▸ To do
Everything in the data should be repeated exactly, save for the images.

▸ Data section
[Start of section]

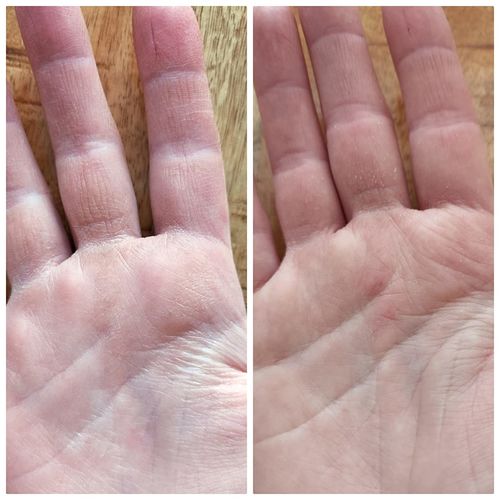 Customer photo review of AgeRewind™ Mango Närande Handkräm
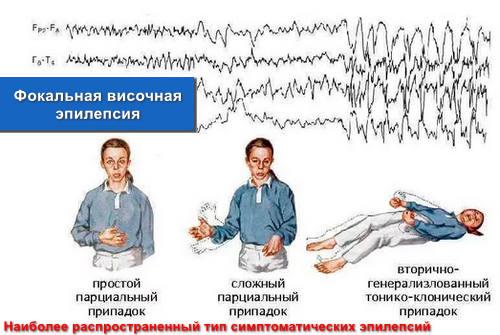 Фокальная височная эпилепсия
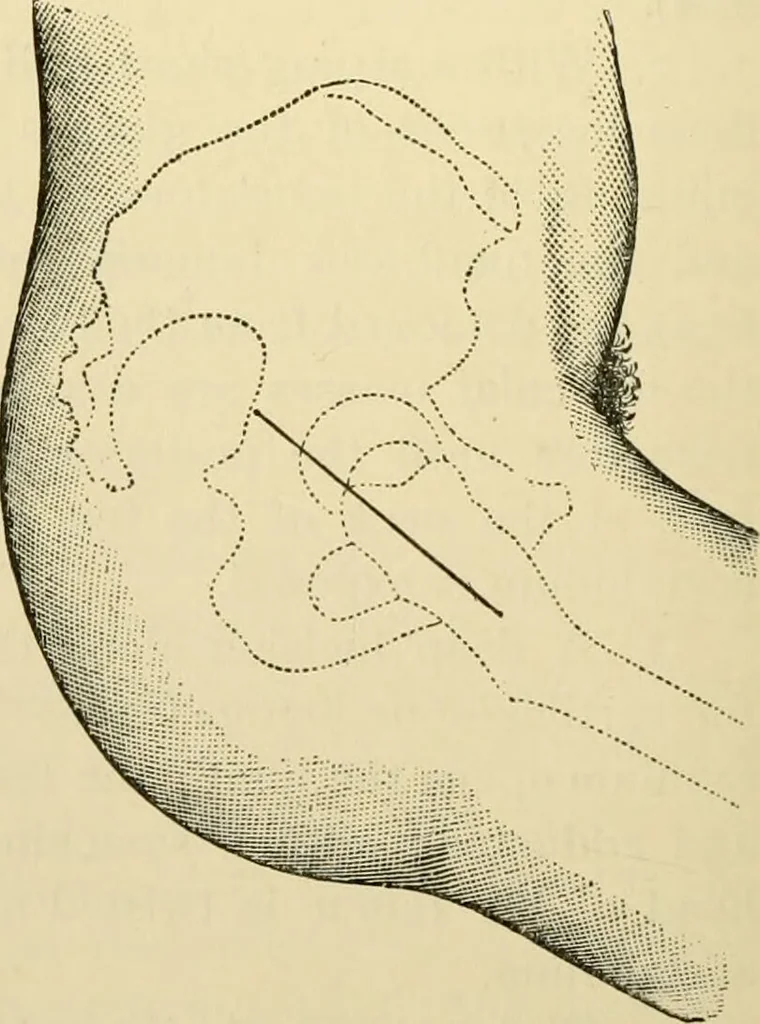 An illustration from Surgical technic; a text-book on operative surgery / by Fr. von Esmarch ... and E. Kowalzig ... translated by Professor Ludwig H. Grau ... and Willam N. Sullivan ... edited by Nicholas Senn ... With fourteen hundred and ninety-seven illustrations and fifteen colored plates., 1901, leaf 522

[End of section]

▸ Worked solution
 Customer photo review of AgeRewind™ Mango Närande Handkräm
 Фокальная височная эпилепсия
 An illustration from Surgical technic; a text-book on operative surgery / by Fr. von Esmarch ... and E. Kowalzig ... translated by Professor Ludwig H. Grau ... and Willam N. Sullivan ... edited by Nicholas Senn ... With fourteen hundred and ninety-seven illustrations and fifteen colored plates., 1901, leaf 522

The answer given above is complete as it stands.